━━ Exercise data

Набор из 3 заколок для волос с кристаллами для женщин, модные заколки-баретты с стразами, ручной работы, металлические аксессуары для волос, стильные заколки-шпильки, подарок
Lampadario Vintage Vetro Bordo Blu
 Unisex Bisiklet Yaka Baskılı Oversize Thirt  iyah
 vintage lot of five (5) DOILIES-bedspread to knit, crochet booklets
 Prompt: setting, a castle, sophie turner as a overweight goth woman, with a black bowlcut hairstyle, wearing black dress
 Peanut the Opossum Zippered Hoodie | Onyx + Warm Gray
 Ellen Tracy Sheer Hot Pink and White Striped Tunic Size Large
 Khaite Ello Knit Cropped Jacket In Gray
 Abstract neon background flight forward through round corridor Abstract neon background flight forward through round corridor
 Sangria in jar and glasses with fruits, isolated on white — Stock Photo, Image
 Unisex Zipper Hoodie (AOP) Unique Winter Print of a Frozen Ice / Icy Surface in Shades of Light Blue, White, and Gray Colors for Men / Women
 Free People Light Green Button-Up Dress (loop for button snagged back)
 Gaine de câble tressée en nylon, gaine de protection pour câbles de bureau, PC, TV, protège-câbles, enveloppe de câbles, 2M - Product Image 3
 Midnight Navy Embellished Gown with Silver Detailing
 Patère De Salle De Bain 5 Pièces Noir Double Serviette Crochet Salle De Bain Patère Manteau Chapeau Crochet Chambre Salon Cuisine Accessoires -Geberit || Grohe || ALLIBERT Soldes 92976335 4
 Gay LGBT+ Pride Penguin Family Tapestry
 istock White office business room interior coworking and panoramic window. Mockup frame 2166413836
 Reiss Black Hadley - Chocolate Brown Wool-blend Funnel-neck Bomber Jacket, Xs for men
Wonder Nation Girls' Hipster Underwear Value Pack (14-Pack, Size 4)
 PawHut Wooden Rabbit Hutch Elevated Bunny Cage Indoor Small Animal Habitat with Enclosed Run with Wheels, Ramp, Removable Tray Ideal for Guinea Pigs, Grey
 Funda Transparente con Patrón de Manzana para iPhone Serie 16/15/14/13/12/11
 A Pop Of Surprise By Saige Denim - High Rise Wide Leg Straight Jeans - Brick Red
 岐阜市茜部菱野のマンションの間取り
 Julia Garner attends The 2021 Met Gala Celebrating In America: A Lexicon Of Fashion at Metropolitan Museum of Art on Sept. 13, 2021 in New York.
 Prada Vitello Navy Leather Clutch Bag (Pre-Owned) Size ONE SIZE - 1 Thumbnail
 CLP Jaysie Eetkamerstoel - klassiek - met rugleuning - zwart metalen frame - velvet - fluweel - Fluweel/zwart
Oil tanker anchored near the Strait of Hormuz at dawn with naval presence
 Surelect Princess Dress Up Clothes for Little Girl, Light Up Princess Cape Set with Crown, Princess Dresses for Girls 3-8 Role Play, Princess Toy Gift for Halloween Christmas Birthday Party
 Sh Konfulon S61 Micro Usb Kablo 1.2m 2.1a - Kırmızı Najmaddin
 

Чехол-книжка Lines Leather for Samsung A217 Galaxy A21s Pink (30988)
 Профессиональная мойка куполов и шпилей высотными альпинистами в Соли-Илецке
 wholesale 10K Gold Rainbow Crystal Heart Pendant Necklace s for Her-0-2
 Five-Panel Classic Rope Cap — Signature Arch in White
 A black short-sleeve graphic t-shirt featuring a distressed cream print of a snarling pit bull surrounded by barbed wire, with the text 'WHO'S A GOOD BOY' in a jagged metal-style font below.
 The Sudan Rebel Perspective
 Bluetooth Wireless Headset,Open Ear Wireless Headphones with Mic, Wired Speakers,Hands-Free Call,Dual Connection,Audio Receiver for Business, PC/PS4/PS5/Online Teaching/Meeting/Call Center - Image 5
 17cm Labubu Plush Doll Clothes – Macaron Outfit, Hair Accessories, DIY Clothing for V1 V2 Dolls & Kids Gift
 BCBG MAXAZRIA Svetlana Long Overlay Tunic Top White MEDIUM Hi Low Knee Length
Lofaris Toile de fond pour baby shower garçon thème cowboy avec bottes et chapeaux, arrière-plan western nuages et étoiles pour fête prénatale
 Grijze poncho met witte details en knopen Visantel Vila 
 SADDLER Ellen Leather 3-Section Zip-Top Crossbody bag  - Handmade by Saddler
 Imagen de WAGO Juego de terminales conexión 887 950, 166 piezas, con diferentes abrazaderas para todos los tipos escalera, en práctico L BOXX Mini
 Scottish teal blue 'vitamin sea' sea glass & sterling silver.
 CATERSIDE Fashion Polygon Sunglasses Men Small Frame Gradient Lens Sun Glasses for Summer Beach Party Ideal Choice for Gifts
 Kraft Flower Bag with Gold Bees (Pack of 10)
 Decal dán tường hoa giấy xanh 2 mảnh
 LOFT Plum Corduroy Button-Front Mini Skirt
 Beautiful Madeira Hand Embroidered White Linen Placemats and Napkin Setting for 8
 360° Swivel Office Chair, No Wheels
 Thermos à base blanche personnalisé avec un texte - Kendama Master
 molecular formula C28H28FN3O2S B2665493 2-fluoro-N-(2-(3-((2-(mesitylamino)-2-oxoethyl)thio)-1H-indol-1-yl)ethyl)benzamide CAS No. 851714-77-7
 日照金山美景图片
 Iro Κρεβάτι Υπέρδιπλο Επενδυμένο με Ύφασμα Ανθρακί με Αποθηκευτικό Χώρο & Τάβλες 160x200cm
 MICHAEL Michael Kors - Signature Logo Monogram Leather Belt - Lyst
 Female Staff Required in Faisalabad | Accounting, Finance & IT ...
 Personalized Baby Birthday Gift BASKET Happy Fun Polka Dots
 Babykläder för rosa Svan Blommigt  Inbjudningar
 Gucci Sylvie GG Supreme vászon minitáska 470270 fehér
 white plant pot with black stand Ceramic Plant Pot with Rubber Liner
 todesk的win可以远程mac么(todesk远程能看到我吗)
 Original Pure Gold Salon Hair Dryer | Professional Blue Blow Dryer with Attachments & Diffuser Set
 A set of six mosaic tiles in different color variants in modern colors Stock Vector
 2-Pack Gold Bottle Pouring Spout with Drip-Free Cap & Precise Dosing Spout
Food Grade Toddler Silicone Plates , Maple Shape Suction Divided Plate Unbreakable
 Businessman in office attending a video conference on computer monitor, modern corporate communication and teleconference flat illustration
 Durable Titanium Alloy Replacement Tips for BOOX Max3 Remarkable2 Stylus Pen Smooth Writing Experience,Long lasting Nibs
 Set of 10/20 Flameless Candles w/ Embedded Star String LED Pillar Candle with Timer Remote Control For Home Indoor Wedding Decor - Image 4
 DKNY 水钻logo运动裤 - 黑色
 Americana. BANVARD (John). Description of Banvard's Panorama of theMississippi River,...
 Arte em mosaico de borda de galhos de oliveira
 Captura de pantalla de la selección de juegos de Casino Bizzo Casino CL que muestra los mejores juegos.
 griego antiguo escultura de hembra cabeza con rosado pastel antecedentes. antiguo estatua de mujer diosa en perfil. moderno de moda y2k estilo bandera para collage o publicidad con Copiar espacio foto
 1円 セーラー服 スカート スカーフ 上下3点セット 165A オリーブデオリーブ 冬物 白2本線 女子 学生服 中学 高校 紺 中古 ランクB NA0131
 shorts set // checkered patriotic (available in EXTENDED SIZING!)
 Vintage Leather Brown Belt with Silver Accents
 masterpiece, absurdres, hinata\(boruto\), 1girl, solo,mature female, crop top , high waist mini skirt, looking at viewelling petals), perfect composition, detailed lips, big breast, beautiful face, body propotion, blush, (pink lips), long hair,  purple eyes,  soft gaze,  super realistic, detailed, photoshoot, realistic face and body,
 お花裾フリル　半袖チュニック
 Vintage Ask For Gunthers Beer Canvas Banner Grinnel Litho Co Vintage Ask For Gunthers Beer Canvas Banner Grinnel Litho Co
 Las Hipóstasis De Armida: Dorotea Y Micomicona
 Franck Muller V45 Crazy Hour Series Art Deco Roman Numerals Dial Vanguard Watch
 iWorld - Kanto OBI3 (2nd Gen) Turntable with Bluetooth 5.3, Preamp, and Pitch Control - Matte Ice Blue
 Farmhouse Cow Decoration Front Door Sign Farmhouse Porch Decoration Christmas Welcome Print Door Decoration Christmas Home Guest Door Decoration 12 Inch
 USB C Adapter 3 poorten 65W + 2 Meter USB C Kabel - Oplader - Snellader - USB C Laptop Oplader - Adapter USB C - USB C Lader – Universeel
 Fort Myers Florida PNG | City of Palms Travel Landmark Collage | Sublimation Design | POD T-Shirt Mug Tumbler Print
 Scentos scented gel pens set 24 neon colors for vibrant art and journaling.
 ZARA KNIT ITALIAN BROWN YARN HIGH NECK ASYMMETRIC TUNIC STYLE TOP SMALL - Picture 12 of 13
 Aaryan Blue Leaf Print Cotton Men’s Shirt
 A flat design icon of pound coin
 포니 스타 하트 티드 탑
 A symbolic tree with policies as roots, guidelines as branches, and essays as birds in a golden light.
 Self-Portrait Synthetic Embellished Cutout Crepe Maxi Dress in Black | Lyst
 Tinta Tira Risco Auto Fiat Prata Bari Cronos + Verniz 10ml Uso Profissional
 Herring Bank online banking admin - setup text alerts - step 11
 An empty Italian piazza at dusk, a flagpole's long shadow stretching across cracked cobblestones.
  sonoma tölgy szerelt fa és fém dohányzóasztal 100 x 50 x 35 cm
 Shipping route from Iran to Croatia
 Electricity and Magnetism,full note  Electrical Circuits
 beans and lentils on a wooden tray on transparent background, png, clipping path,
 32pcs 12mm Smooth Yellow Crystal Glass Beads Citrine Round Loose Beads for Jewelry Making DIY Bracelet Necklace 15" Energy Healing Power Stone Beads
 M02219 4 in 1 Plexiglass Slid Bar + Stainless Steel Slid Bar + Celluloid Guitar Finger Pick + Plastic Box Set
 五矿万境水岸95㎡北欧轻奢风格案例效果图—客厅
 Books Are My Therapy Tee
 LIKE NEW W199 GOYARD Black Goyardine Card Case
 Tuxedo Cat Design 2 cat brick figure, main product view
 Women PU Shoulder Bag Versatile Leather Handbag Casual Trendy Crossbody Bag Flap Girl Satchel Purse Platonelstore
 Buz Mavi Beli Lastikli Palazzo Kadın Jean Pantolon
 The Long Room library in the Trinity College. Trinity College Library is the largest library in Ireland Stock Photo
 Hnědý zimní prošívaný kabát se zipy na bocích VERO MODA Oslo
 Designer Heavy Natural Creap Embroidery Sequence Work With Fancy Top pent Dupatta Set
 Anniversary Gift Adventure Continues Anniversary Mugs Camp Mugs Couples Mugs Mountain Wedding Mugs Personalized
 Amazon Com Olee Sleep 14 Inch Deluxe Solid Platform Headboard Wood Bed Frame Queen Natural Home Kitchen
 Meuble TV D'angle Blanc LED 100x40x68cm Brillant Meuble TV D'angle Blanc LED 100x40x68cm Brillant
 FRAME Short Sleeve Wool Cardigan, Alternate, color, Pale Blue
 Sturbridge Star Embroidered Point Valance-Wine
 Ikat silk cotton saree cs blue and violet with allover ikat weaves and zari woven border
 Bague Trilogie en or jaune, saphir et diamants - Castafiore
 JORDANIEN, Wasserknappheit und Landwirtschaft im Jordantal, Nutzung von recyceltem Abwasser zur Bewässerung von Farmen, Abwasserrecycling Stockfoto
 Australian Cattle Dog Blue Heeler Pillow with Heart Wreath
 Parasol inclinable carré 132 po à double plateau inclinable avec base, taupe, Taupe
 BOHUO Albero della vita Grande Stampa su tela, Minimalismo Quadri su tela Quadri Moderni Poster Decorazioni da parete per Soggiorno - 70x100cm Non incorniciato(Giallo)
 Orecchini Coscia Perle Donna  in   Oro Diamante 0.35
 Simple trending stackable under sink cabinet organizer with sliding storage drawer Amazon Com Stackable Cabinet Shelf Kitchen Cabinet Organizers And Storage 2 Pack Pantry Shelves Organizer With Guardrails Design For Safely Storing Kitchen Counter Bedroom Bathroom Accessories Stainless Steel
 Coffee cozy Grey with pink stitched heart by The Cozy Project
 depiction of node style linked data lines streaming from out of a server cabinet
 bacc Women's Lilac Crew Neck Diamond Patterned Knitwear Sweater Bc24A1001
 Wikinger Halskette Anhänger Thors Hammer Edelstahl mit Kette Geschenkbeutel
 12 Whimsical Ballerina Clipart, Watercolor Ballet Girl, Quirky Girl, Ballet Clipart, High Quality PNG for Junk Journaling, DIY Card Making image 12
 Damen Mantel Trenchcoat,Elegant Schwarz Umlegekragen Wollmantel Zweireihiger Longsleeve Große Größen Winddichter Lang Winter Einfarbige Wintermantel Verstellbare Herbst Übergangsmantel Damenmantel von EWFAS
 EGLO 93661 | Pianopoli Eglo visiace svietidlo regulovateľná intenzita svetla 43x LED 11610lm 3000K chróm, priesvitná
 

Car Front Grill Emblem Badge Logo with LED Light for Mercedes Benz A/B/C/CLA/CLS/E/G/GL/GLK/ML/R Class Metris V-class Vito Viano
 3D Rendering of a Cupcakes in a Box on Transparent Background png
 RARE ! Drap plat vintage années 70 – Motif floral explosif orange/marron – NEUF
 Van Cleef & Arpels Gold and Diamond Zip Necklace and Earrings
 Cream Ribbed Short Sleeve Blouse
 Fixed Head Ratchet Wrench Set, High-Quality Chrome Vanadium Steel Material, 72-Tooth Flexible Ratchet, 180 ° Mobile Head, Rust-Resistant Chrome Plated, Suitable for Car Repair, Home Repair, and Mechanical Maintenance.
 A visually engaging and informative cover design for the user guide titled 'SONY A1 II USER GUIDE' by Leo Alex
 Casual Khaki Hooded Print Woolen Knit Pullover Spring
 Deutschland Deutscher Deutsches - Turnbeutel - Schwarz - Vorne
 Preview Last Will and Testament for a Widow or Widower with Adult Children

━━━━

◆ Work order ◆
Retrieve each line from the records above where the word "Quality" occurs.

◆ Response below ◆
 12 Whimsical Ballerina Clipart, Watercolor Ballet Girl, Quirky Girl, Ballet Clipart, High Quality PNG for Junk Journaling, DIY Card Making image 12
 Fixed Head Ratchet Wrench Set, High-Quality Chrome Vanadium Steel Material, 72-Tooth Flexible Ratchet, 180 ° Mobile Head, Rust-Resistant Chrome Plated, Suitable for Car Repair, Home Repair, and Mechanical Maintenance.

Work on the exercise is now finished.